The newspaper also claimed that Filipinos are the most numerous health workers in the UK after Britons and Indians, citing a 2019 House of Commons report saying about 18,500 out of 200,000 Filipinos living in Britain are working in the country’s national health system.
Some Filipino workers, however, have raised concerns of being discriminated against and unprotected from the virus due to a shortage of personal protective equipment (PPE).
“It is breaking our hearts because we are talking about friends, family and close colleagues,” said Emily Barrameda, a Filipino overseas worker based in the UK.
She also claimed British hospitals were prioritizing British patients over Filipinos infected with the virus. “In some hospitals where there is a British person who is positive with Covid-19 and a Filipino one … it seems that they choose to prioritize the British one,” she said.
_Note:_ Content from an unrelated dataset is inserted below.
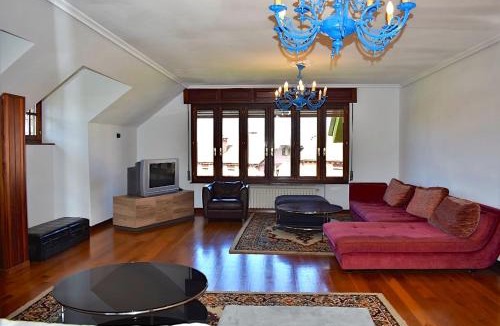 Orena House | Casa Camelia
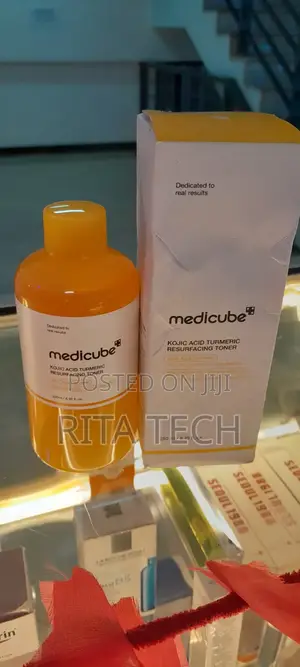 Medicube Kojic Acid Toner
“We are deeply saddened by reports of Filipino staff of the NHS who are either infected by Covid-19 or have succumbed to the disease. Our thoughts are with their loved ones,” the Philippines’ ambassador to the UK, Antonio Lagdameo, said in a statement.
Lagdameo also described Filipino health workers’ contribution in the fight against the coronavirus in the UK as “nothing but immense.”
Meanwhile, the Jesuits have launched what they call “Telechaplaincy,” which provides spiritual care and emotional support for Covid-19 patients at the Philippine General Hospital, the biggest public medical facility in the country.
The Jesuits had been celebrating Masses and administering the sacraments to the sick and dying at the hospital before the enhanced community quarantine in Manila. They are continuing their ministry there using the internet.
As of April 19, the Philippines had recorded 6,259 Covid-19 cases with 409 deaths, according to government figures.